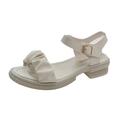 NEOFEN Womens Flat Sandals Women's Summer Sandal Womens Strap Flat Sandals (Color : White, Size : 6.5 UK)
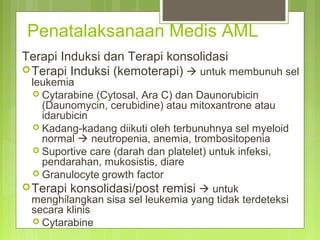 Penatalaksanaan Medis AML
Terapi Induksi dan Terapi konsolidasi
Terapi Induksi (kemoterapi)  untuk membunuh sel
leukemia
 Cytarabine (Cytosal, Ara C) dan Daunorubicin
(Daunomycin, cerubidine) atau mitoxantrone atau
idarubicin
 Kadang-kadang diikuti oleh terbunuhnya sel myeloid
normal  neutropenia, anemia, trombositopenia
 Suportive care (darah dan platelet) untuk infeksi,
pendarahan, mukosistis, diare
 Granulocyte growth factor
Terapi konsolidasi/post remisi  untuk
menghilangkan sisa sel leukemia yang tidak terdeteksi
secara klinis
 Cytarabine
 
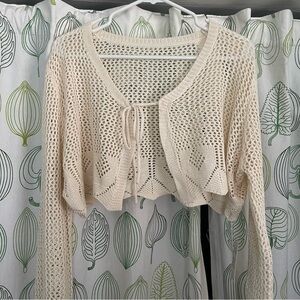 Cupshe Women Crochet Swimsuit 2 Piece Coverup Set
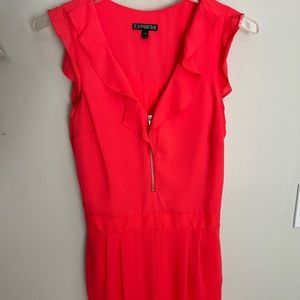 Express Front Zip Classy Coral Romper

++++++++++

▸ Exercise details: All text in the material above must be written out exactly; the images are to be skipped.

▸ Written response:
 NEOFEN Womens Flat Sandals Women's Summer Sandal Womens Strap Flat Sandals (Color : White, Size : 6.5 UK)
 Penatalaksanaan Medis AML
Terapi Induksi dan Terapi konsolidasi
Terapi Induksi (kemoterapi)  untuk membunuh sel
leukemia
 Cytarabine (Cytosal, Ara C) dan Daunorubicin
(Daunomycin, cerubidine) atau mitoxantrone atau
idarubicin
 Kadang-kadang diikuti oleh terbunuhnya sel myeloid
normal  neutropenia, anemia, trombositopenia
 Suportive care (darah dan platelet) untuk infeksi,
pendarahan, mukosistis, diare
 Granulocyte growth factor
Terapi konsolidasi/post remisi  untuk
menghilangkan sisa sel leukemia yang tidak terdeteksi
secara klinis
 Cytarabine
 
 Cupshe Women Crochet Swimsuit 2 Piece Coverup Set
 Express Front Zip Classy Coral Romper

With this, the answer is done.